At issue here is Rice’s explanation of the Sept. 11 assault in Benghazi, Libya, that killed four Americans. She failed to call the incident what it was – a terror attack – and instead said it was an escalation from a spontaneous protest against an American-made anti-Islam video uploaded to YouTube. That was what a set of talking points from the CIA said.

The CIA got it right when it deduced that al Qaeda operatives were responsible for killing Ambassador Chris Stevens and three others that day. In preparing talking points for officials, the intelligence agency did reference al Qaeda involvement, but those references were deleted when the talking points went through interagency reviews.

The Office of the Director of National Intelligence has since claimed responsibility for the cut.

Rice has said she wasn’t at fault for deleting the terrorist reference and that she was simply relating information given to her. She insisted her intentions were not to mislead the American public.

“The talking points provided by the intelligence community, and the initial assessment upon which they were based, were incorrect in a key respect: There was no protest or demonstration in Benghazi,” Rice said in a statement to the media after the meeting. “While we certainly wish that we had had perfect information just days after the terrorist attack, as is often the case the intelligence assessment has evolved.”

President Barack Obama, who has challenged anyone faulting Rice to take up the issue with him instead, backed up Rice’s claim.

Though it is far from certain at the moment that Obama will choose Rice to occupy the secretary of state’s seat when Hillary Clinton leaves in January, several top Republican senators have already begun working to block the nomination.

John McCain, Lindsey Graham and Kelly Ayotte have launched personal attacks against Rice, who had a meeting with them on Tuesday. However, Rice didn’t get far, as all three said they have more questions after having met with the ambassador.

The senators said they are “more disturbed” and “more troubled” by many of the answers given to them.

Graham told the Associated Press Rice should be held accountable because she went far beyond the “flawed talking points.”

While the Republicans push what many consider a non-issue in Rice’s nomination, Democrats are fighting back. They are wondering why is it that after the intelligence community took responsibility, Republicans are still hung up on Rice.

“The personal attacks against Ambassador Rice by certain Republican senators have been outrageous and utterly unmoored from facts and reality,” Senate Majority Leader Harry Reid said in a statement. “I am shocked that senators would continue these attacks even when the evidence – including disclosures from the intelligence community about the information she presented – have made it clear that the allegations against Ambassador Rice are baseless, and that she has done absolutely nothing wrong.”

Reid once more issued a call for Republicans to drop their “partisan politics games” now that the election is over and shift focus to “real challenges facing us as a nation.”

Rice continues to see top Republicans on Wednesday, when she meets with Sens. Susan Collins of Maine and Bob Corker of Tennessee. Corker is presumed to be the next Republican leader in the Senate Foreign Relations Committee.

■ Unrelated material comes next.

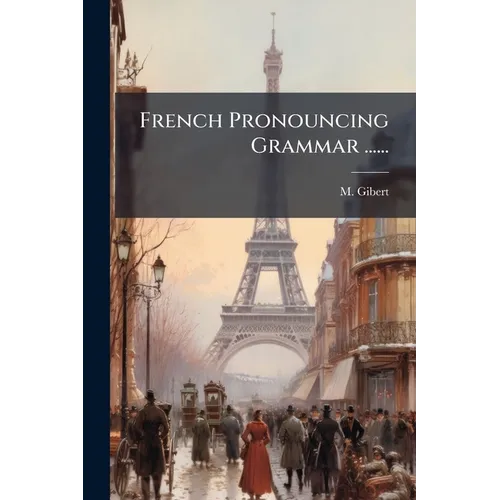 French Pronouncing Grammar ......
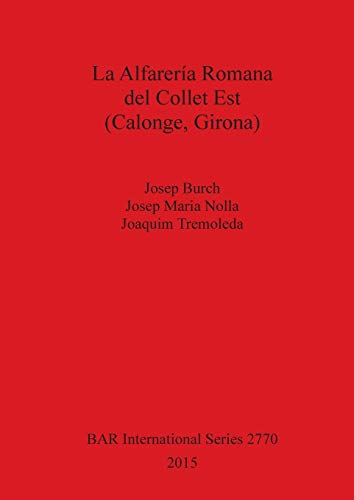 La Alfarería Romana del Collet Est (Calonge, Girona) (Bar International Series, Band 2770)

Corker told the AP that they will see for themselves when they sit and talk with Rice.

“She always delivers the party line, the company line, whatever the talking points are,” he said. “I think most of us hold the secretary of state and secretary of treasury to a whole different level. We understand that they’re going to support the administration, but we also want to know that they are independent enough when the administration is off-base, that they are putting pressure. I think that’s what worries me most about Rice.”